QUESTIONS AND ANSWERS

  1. We include selling expenses in our G&A pool that relate to both domestic and foreign sales of our products.  DCAA recently questioned inclusion of the costs related to foreign sales and our former contracting manager (now retired) said that used to be the rule but he isn’t sure now.  Can you help?

    A.  Your contracting manager and DCAA auditor are showing their age (I probably will to).  A brief chronology of foreign selling costs would be helpful:  prior to March 1979, foreign selling costs were allowable.  From March 1979 to January 1986 these costs were held to be “unallowable” because they were considered to be “unallocable” to domestic government business.  (To help mitigate the problem of having to allocate domestic selling experience to all contracts, including foreign ones, while not being able to allocate foreign selling costs to government work, some savvy contractors created two separate selling expense pools – domestic and foreign and allocated each to domestic and foreign business, respectively.  I expect the auditor is thinking of those times.)  Recognizing this unallocable-is-therefore-unallowable situation, the FAR made foreign selling costs unallowable from January 1986 to May 1991.  Appreciating the fact that expanding the sales (and hence cost base) lowers government costs, the FAR was changed in May 1991 to allow for foreign selling expenses if they relate to significant effort to export products normally sold to the US government.  So, if your selling costs relate to exports of products sold to domestically, I would consider challenging the auditor’s conclusion.

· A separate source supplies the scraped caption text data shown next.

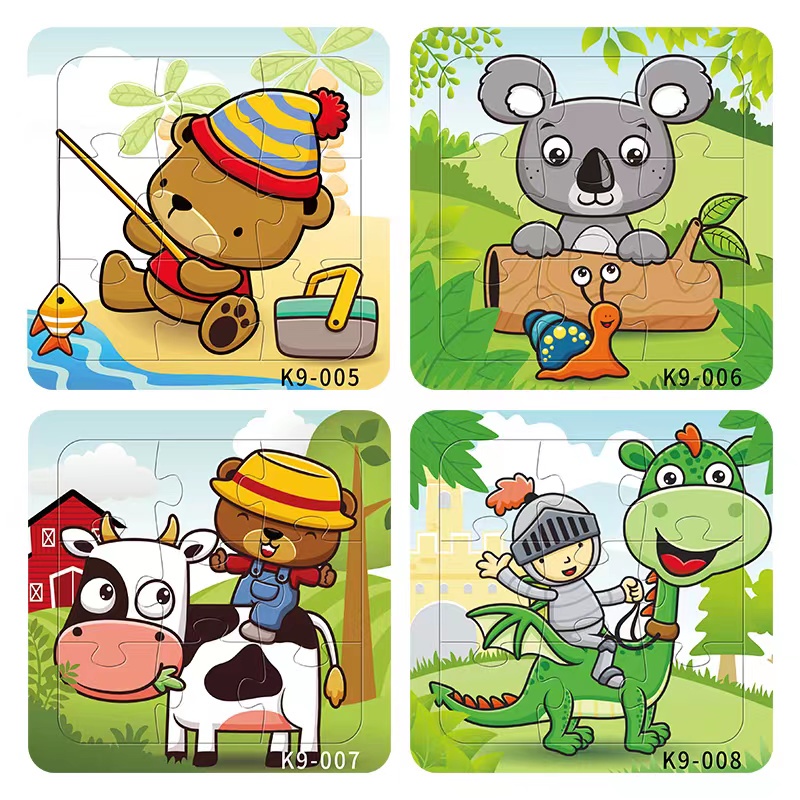 Bộ Đồ Chơi Xếp Hình Gồm 9 Mảnh 24 Loại Dành Cho Trẻ Em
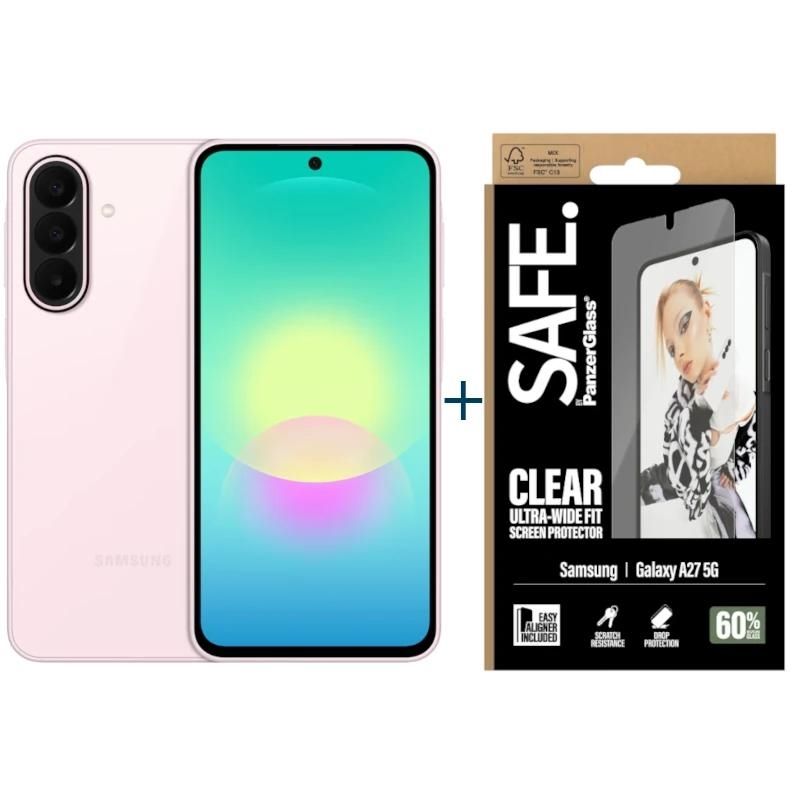 Telèfon mòbil Samsung Galaxy A27 5G 128Gb Pink + Prrotec SAFE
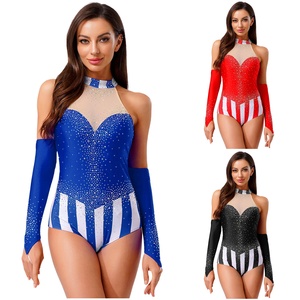 Body Cosplay pour femmes avec gants justaucorps sans manches et ensembles de gants vêtements de danse gymnastique événements performances de scène de danse - Product Image 1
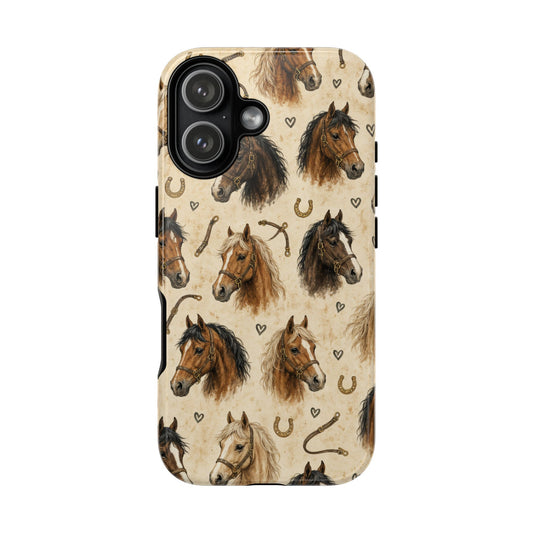 Horse Portraits Tough Case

    Q.  Since most of our business is cost type work for the federal government, are we responsible for sales taxes on material and supplies we use.

    A.  Your straightforward question is full of a history of litigation.  A recent article by Professor Ralph Nash in the November 2005 Nash & Cibinic Report addressed this issue.  Their conclusion is that it is clear that under cost reimbursable and time and material type contracts, for direct items of costs it is the intention of the federal government to obtain title to these items and hence state and local government have no tax claim on them.  As for title to overhead items and hence liability for state and local taxes on these items, the issue is far from settled.  The issue is of significance to state governments where, for example, federal government title to overhead items could cost the State of Texas $250 million in revenue.